Milano, 29 aprile 2018 - Tra le tante incertezze del momento un punto fermo c’è: è Luigi Di Maio uno dei principali nodi da sciogliere per arrivare a un governo. Giovedì si riunirà la Direzione dem per pronunciarsi sull’ipotesi di accordo Movimento 5 Stelle-Pd. Nel borsino delle probabilità il no prevale nettamente sul sì, nonostante le aperture mostrate negli ultimi giorni dal reggente Maurizio Martina. I renziani infatti hanno già ribadito la loro contrarietà, visto che nei Cento Punti per l’Italia del programma elettorale Pd ci sono moltissime proposte del tutto incompatibili con quelle pentastellate. Senza dimenticare che le parole di fuoco che Matteo Renzi e Luigi Di Maio si sono scambiati negli ultimi mesi lasciano presagire che ben difficilmente l’ex presidente del Consiglio sarà disposto a dire ai suoi di appoggiare un governo guidato dal candidato premier grillino. I 5 Stelle, quindi, sanno già che per andare al governo col Pd (e con Leu e centristi del Gruppo misto) dovrebbero rinunciare alla premiership di Di Maio e indicare un altro candidato
Potrebbe essere lo stesso esploratore Roberto Fico. Ipotesi che a questo punto libererebbe il posto di presidente della Camera per l’attuale ministro dei Beni culturali Dario Franceschini o per un altro capocorrente dem. Ma le rinunce grilline non si fermerebbero al nome di Di Maio, bensì investirebbero anche aspetti programmatici rilevanti. Ad esempio, che fine farebbe il Jobs Act sbandierato ai quattro venti come un elemento di successo del governo Renzi e fortemente criticato fin dall’inizio dai 5 Stelle? E in materia di fiscalità, quale sarebbe il programma di un eventuale esecutivo 5 Stelle-Pd? Le ultime cifre snocciolate dal governo Gentiloni parlano di un’Italia in buona salute, con indicatori economico-finanziari incoraggianti. Proprio il contrario di quanto sostiene la propaganda pentastellata, che fino a una settimana fa si allineava a quella leghista rispetto al proposito di smantellare tutte le scelte fatte dagli ultimi governi di centrosinistra.
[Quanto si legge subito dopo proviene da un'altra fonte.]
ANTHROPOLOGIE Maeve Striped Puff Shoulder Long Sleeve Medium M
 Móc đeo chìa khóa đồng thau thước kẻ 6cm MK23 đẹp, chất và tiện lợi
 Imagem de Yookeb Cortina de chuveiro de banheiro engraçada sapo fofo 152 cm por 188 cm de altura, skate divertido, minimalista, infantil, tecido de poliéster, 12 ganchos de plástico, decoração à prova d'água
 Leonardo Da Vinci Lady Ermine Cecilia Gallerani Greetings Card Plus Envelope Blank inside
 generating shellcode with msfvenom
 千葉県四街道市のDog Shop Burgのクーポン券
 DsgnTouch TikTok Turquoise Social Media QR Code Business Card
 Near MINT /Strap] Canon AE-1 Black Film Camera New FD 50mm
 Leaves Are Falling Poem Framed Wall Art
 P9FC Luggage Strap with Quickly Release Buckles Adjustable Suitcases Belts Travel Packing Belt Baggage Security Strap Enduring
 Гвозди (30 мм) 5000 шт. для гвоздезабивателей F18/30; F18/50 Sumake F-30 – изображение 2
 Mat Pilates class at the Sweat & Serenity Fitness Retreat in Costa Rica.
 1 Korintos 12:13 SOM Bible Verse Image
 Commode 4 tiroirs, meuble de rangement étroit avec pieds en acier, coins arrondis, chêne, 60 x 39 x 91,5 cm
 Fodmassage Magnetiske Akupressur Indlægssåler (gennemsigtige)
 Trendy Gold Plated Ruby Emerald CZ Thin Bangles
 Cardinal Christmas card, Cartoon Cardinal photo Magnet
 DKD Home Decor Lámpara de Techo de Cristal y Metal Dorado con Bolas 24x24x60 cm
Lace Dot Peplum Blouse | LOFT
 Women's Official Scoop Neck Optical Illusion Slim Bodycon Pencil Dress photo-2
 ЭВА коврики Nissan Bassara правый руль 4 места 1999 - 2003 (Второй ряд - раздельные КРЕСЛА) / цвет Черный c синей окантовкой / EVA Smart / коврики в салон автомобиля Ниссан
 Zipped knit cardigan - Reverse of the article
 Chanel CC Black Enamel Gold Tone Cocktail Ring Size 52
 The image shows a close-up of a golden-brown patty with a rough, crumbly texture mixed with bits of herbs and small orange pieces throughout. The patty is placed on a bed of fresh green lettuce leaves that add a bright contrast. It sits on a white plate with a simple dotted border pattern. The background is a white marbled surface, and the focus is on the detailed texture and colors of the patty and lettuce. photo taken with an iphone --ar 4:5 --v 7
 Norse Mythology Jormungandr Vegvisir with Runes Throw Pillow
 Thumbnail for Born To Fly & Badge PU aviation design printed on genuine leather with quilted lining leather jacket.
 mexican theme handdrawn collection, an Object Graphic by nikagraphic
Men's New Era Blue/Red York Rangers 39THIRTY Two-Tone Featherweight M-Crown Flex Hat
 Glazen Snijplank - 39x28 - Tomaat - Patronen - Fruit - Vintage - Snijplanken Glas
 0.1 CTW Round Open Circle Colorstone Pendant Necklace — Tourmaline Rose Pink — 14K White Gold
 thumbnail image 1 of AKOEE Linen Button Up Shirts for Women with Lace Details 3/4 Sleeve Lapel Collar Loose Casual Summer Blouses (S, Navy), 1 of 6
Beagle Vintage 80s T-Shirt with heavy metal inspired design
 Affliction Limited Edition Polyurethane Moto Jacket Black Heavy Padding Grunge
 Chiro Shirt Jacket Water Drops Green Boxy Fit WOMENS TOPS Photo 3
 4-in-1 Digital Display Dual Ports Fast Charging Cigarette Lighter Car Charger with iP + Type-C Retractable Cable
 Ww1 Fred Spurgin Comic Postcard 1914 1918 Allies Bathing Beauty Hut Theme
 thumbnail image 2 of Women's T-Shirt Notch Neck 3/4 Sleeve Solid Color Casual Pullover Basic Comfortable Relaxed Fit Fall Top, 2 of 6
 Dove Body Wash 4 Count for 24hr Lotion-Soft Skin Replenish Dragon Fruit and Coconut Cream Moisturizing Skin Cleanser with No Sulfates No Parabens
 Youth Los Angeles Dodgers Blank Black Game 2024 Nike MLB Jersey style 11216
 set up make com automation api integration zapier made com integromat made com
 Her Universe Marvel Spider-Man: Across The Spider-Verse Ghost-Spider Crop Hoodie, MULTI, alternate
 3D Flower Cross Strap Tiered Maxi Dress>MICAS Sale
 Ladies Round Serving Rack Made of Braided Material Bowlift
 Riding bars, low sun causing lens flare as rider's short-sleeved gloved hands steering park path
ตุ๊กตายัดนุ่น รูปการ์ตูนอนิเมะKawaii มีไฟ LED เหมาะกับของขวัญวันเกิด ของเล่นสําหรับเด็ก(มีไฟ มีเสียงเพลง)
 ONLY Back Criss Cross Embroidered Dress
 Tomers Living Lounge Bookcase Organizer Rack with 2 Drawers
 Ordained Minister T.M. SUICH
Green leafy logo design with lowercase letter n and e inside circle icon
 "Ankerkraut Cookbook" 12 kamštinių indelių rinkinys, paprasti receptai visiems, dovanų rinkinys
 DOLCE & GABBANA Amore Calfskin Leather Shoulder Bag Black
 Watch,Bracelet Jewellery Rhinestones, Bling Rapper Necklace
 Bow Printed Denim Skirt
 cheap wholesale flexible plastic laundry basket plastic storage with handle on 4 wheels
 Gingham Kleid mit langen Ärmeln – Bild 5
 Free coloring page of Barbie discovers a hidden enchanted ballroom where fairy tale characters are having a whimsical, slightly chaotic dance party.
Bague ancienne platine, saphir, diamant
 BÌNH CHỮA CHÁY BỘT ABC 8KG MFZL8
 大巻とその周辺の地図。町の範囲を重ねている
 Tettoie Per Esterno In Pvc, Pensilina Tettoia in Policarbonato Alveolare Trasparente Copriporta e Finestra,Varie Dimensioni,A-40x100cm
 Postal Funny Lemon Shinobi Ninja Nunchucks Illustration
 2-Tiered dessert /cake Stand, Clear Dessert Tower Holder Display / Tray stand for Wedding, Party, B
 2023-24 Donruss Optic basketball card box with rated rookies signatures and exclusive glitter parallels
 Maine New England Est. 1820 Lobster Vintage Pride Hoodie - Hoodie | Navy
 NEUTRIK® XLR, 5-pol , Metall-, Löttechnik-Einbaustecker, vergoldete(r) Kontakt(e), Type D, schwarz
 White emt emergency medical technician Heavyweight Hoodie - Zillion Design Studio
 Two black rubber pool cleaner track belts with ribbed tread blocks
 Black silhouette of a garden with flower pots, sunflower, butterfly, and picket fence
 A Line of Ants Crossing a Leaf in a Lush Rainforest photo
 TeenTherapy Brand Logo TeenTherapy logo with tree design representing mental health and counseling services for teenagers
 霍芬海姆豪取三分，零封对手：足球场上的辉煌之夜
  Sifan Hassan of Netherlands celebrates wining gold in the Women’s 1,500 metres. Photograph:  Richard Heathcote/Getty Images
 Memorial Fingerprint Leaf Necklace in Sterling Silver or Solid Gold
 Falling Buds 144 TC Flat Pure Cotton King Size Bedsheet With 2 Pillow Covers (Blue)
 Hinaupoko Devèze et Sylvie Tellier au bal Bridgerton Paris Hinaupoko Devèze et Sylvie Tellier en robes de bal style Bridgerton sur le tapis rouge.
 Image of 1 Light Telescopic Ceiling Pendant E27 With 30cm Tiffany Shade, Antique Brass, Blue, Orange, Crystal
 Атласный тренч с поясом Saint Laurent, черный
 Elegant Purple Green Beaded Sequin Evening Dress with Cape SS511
Ecco perché non è accreditata di grandi speranze la soluzione di un accordo fra sinistra e grillini. È molto più probabile che, subito dopo il voto di oggi in Friuli, si rimescolino le carte e si riapra il forno Lega-Movimento 5 Stelle. O per ritentare la strada di un’intesa per il governo o, più semplicemente, per riformare la legge elettorale ad uso e consumo dei due vincitori, per poi ritornare rapidamente alle urne. In questo secondo scenario, a traghettare il Paese verso l’imminente scioglimento anticipato delle Camere potrebbe essere l’attuale esecutivo in carica. Anche perché né Matteo Salvini né Luigi Di Maio avrebbero interesse a sporcarsi le mani per pochi mesi in questa legislatura.